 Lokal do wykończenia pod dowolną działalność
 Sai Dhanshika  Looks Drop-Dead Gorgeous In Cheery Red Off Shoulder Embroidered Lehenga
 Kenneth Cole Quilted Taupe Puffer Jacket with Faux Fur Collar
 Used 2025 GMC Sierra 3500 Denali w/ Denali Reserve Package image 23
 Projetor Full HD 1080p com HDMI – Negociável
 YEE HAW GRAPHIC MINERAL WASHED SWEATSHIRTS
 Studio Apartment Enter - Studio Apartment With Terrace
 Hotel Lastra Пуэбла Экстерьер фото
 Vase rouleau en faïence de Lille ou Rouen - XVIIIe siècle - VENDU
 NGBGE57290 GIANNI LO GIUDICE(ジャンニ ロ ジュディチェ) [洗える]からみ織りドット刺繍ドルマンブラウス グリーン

* EXERCISE DIRECTIONS
Every line from the one containing "YEE HAW GRAPHIC MINERAL WASHED SWEATSHIRTS" through the last line of the entries should be output exactly; nothing else belongs in the reply.

* OUTPUT OF THE TASK
 YEE HAW GRAPHIC MINERAL WASHED SWEATSHIRTS
 Studio Apartment Enter - Studio Apartment With Terrace
 Hotel Lastra Пуэбла Экстерьер фото
 Vase rouleau en faïence de Lille ou Rouen - XVIIIe siècle - VENDU
 NGBGE57290 GIANNI LO GIUDICE(ジャンニ ロ ジュディチェ) [洗える]からみ織りドット刺繍ドルマンブラウス グリーン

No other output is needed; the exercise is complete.